While U.S. levered ETF assets grew from appreciating assets, Korea's market expansion is driven by both price gains and significant new investor inflows. This signals a much more aggressive and participatory retail investor base in Korea, actively creating new shares rather than just riding momentum.
To maintain target leverage, these ETFs must buy when markets rise and sell when they fall. This daily rebalancing creates a "short gamma" profile, a non-discretionary flow that automatically amplifies market moves and increases overall volatility, a phenomenon that grows with the funds' assets under management.
While the demand for leverage from ETFs contributes to rising equity financing rates, it's not the primary cause. The biggest drivers are higher overall stock prices (requiring more capital to finance the same positions) and the massive balance sheet usage by the rapidly growing multi-manager hedge fund industry.
With 34% of US household wealth in equities—the highest on record and more than real estate (26%)—the traditional separation between the market and the economy has vanished. A major market downturn would create an immediate, severe negative wealth effect, directly impacting consumption and triggering a recession.
Barclays' quantitative equity timing model, "BETTI," is in record warning territory. It indicates the two-month forward return profile for the S&P 500 is poor, with a low probability of gains and a negative average return.
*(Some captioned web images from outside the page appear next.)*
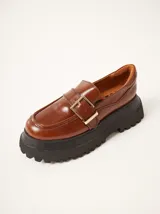 Mocasines marrones de cuero con hebilla dorada y plataforma track negra.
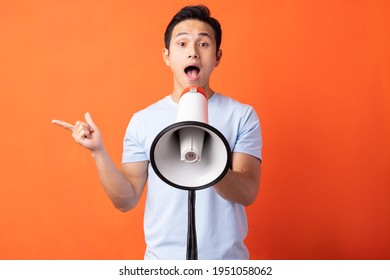 Asian Man Holding Megaphone And Shouting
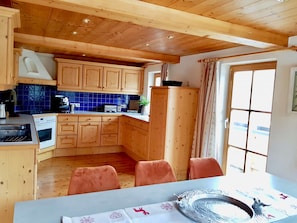 A kitchen with wooden cabinets, a stove, and a sink.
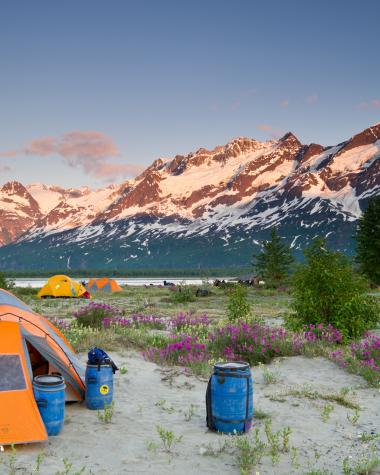 camping in the summer among tents and mountains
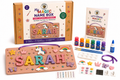 A children's craft kit called 'My Magic Name Box' shown with its packaging box, a completed wooden name box sample, a step-by-step guide, small paint bottles, brushes, ribbon, stickers, and other accessories on a white background.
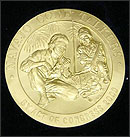 Color photograph showing a close up of the first Congressional Gold Medal, a coin-shaped medal with an embossed profile of George Washington, who faces right.
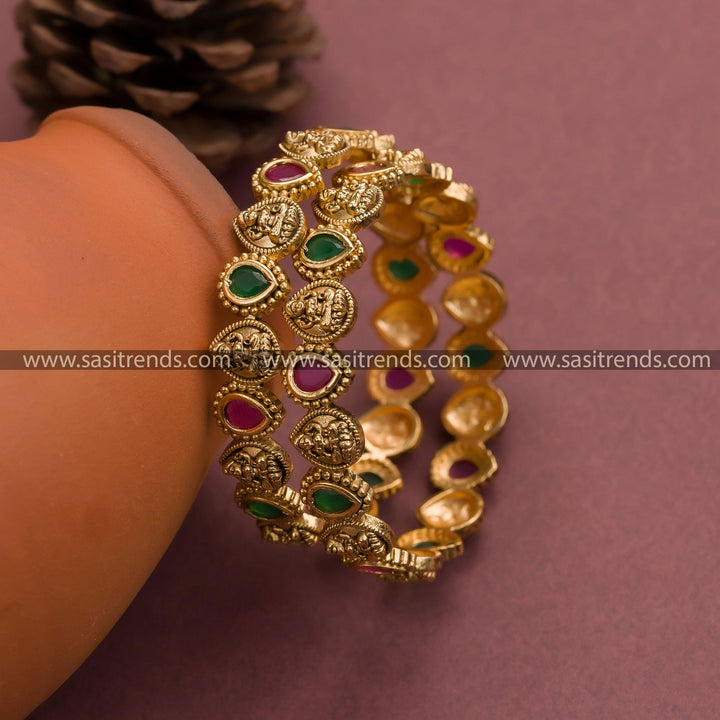 Gorgeous Ruby Green Matt Gold Plated Lakshmi Motif Bangles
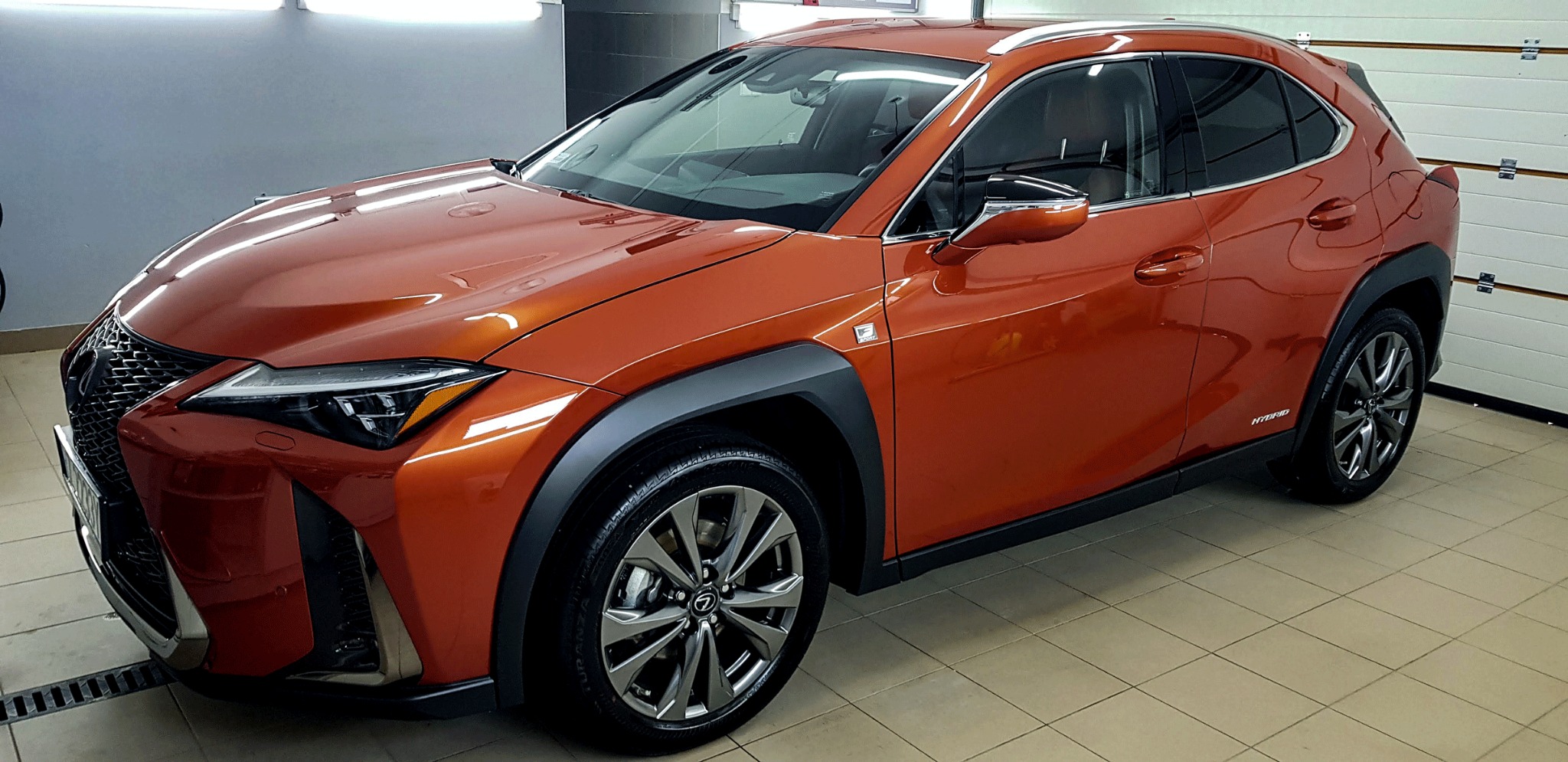 Błyszczący, pomarańczowy Lexus UX Hybrid po umyciu, widoczny z boku na jasnej posadzce myjni, z zamkniętą białą bramą garażową w tle.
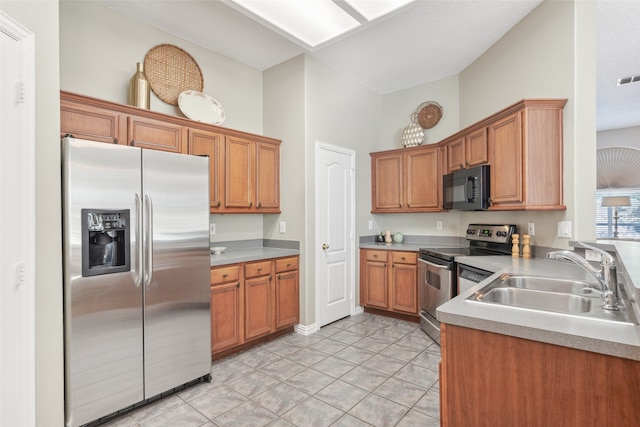 kitchen with sink, light tile patterned floors, stainless steel appliances, and a high ceiling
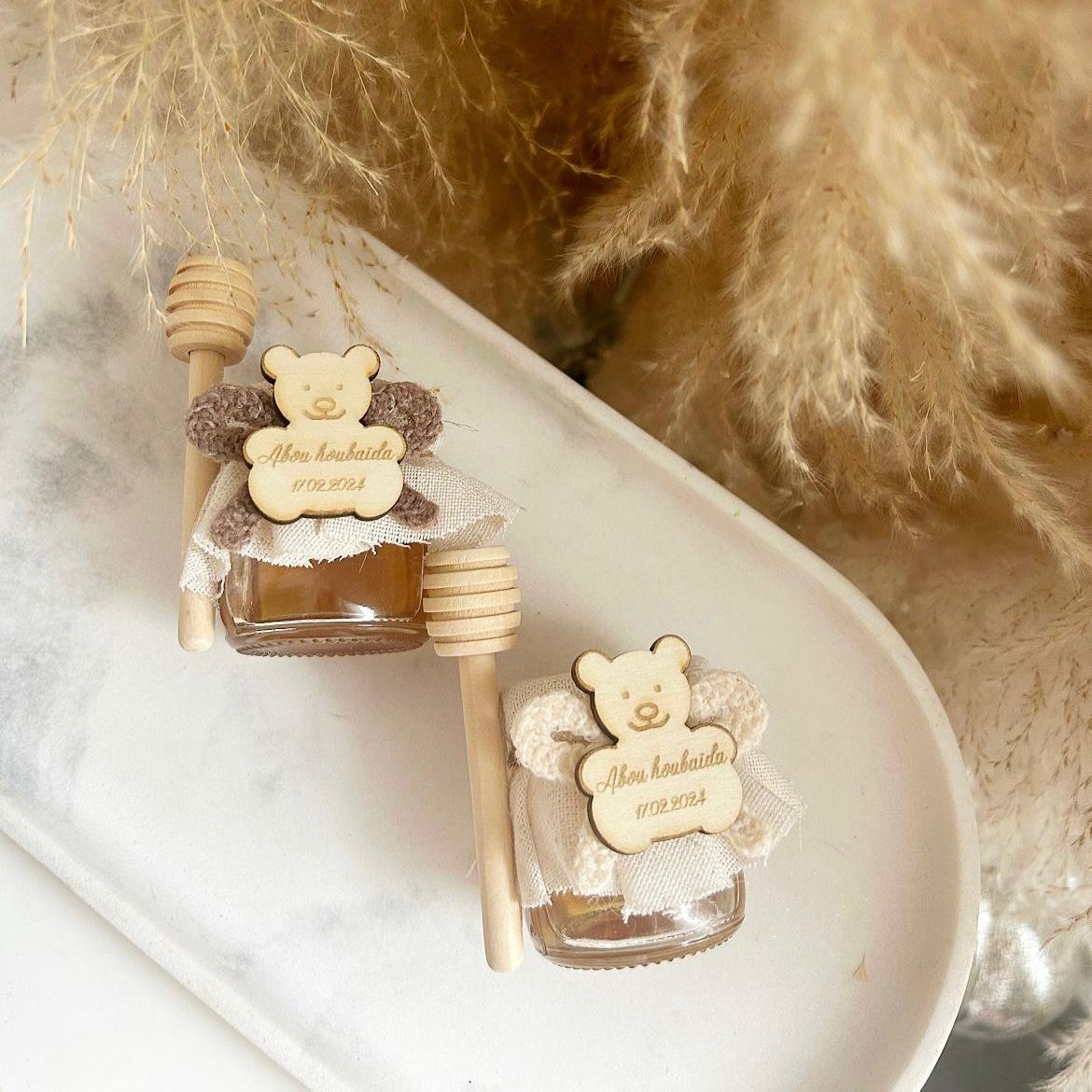 Cadeau invité baptême : petit pot de miel Teddy avec ourson en bois gravé, ruban en tissu et bâtonnet à miel.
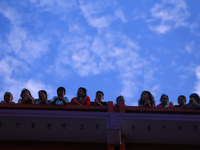 Nepali Hindu devotees are silhouetted against the sky filled with monsoon clouds as they are observing the procession of Red God- Rato Macch...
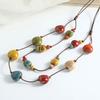 Ethnic style color irregular beaded necklace long chain double stacked wearing high-end temperament fashion niche sweater chain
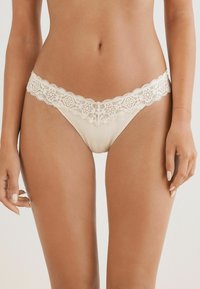 Beige kanten string met golvende randen, voorzien van ingewikkelde bloemenpatronen langs de tailleband en een gladde, zachte stof.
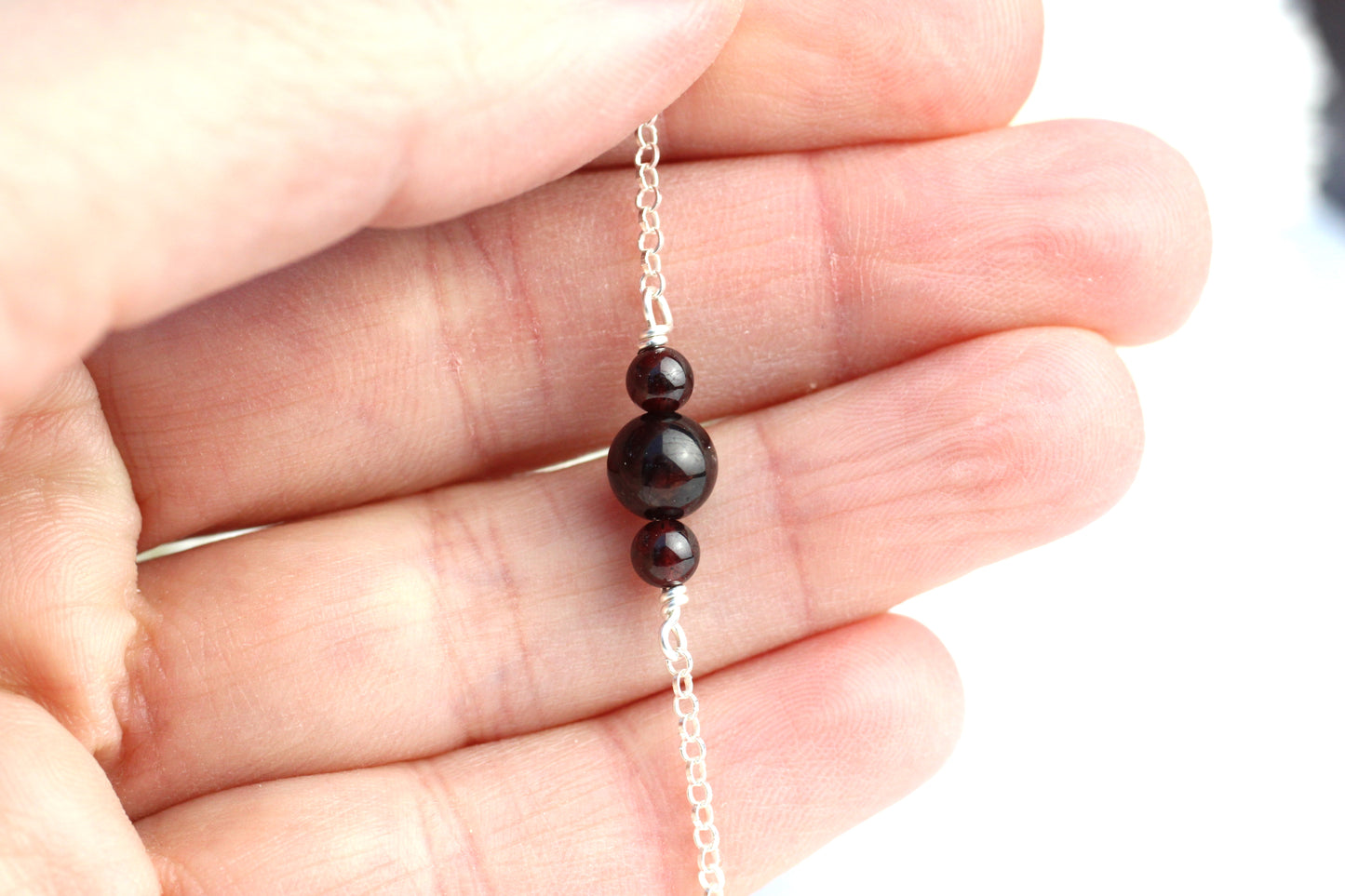 Garnet ankle bracelet in sterling silver.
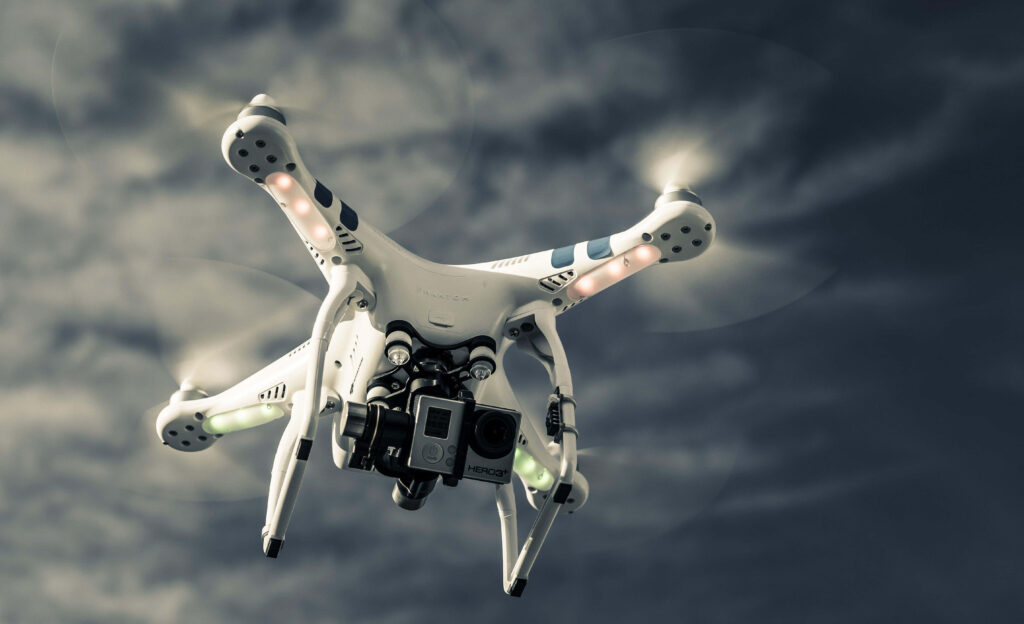 Sleek quadcopter drone with LED lights flying under dramatic cloudy sky capturing high-res footage Wallpaper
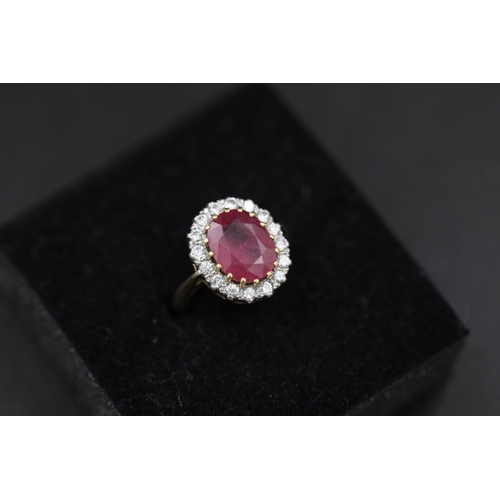 19 - Large Ruby and diamond cluster ring set 18ct yellow gold Ruby size is 1cm and ring Size is M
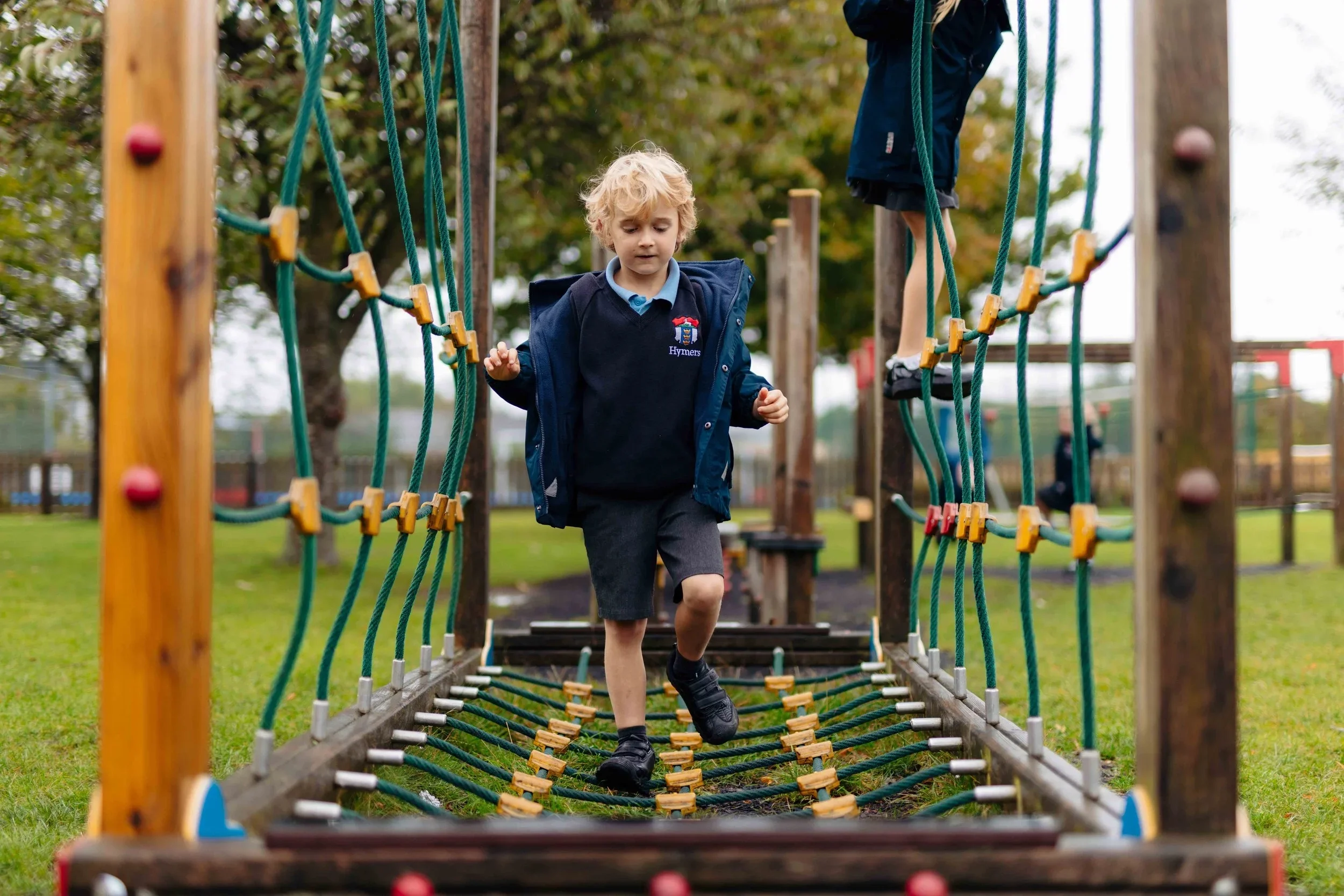 Hymers-Infant-School-pupil-playing-on-trim-trail.jpg.webp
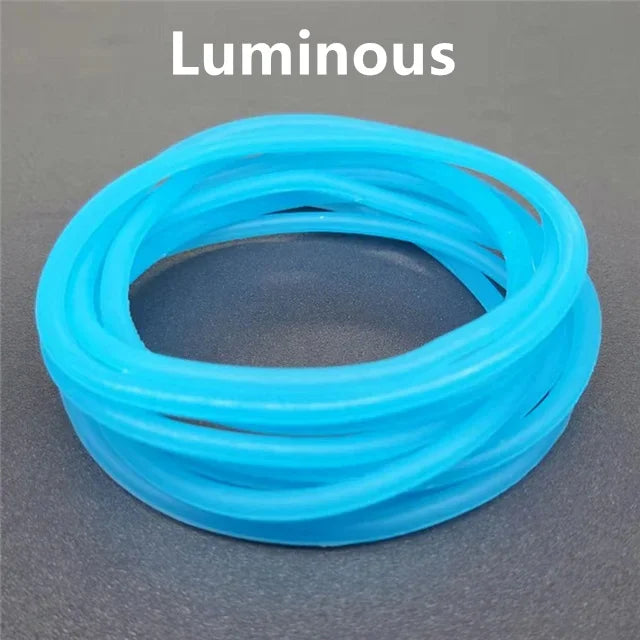A set of ten luminous, translucent blue silicone bracelets coiled together.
This is driven by extreme momentum crowding and stretched equity valuations relative to high real yields.
Based on post-GFC data, the S&P 500's P/E multiple has historically been 14-15x when real yields are as high as they are today. Currently trading over 20x, the market is significantly detached from this relationship, suggesting valuations are stretched even when accounting for higher modern profit margins.
The finance industry's increasing specialization has made the traditional generalist analyst role less viable. As clients like multi-manager funds develop deep in-house expertise, sell-side analysts must pivot to more quantitative or derivatives-focused roles to provide differentiated value that clients cannot replicate themselves.
In quantitative finance, AI's current strength lies in processing structured data to identify a universe of relevant inputs, like finding correlated stocks for a hedging basket. However, it falls short on optimization, considering real-world constraints like liquidity, or answering abstract strategic questions—tasks that still require human wisdom.